Published online by Cambridge University Press: 05 May 2010
INTRODUCTION
Schopenhauer's metaphysics of music is based on two presuppositions: (1) music is the embodiment of the Will and (2) music and nature (the world as representation) share certain parallel features. Schopenhauer readily admits that his metaphysical conception of music as the embodiment of the Will cannot be logically demonstrated. Evidence for this metaphysical vision of music as Will is provided by the comparative analysis of the parallel constitution of music and nature, the latter being the objectification of the Will (WWR 1, 258–259).
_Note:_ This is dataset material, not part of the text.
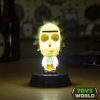 Rick & Morty 3D Icon Light Rick 10 cm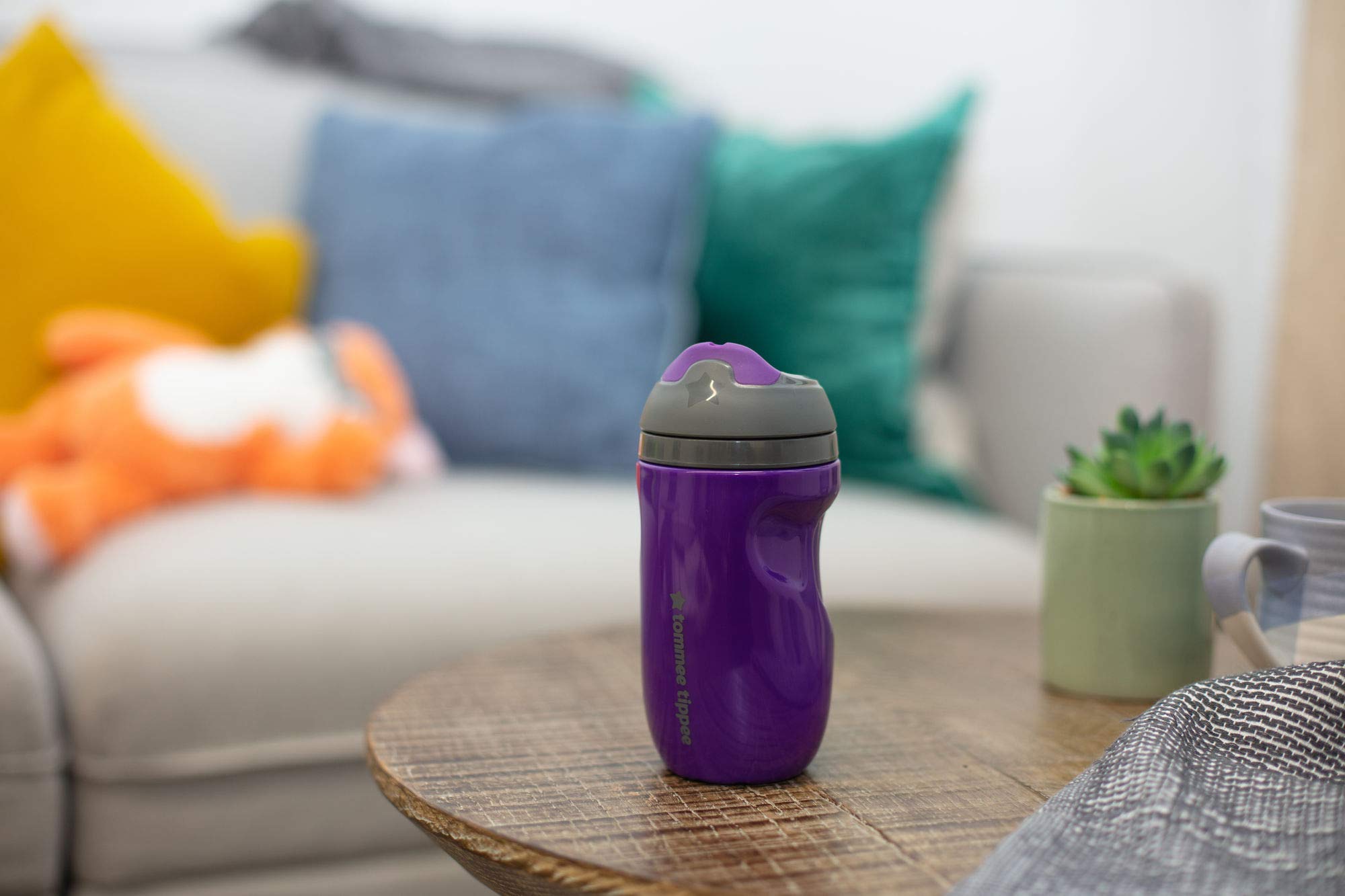 Tommee Tippee Vaso aislado Sippee para niños pequeños – 12 meses, 2 unidades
But Schopenhauer's evidence – his comparative analyses of the structures of nature and music – is in the mode and tone of (an additional) metaphysics without proof, logical or empirical. After all, Schopenhauer argues that the depth of the Will and music is ineffable. He warns about the conceptual constitution of discursive descriptions of music; descriptions fettered in conception are not freed by the pure “will-less” perception that he argues is required for a meaningful musical experience. Therefore, how can one ever know whether a discursive description of music or the Will is uncorrupted and thereby valid if not certain?
Schopenhauer turns to laws of acoustics to authenticate his collateral analysis of music and nature, and in so doing, to validate his metaphysical vision. In the recitation of those laws he is on solid and verifiable ground: Pythagorean principles of sound vibrations and laws of “harmonics” are immutable as he recounts them. However, Schopenhauer ventures from the surety of mathematics to the frailty of music theory.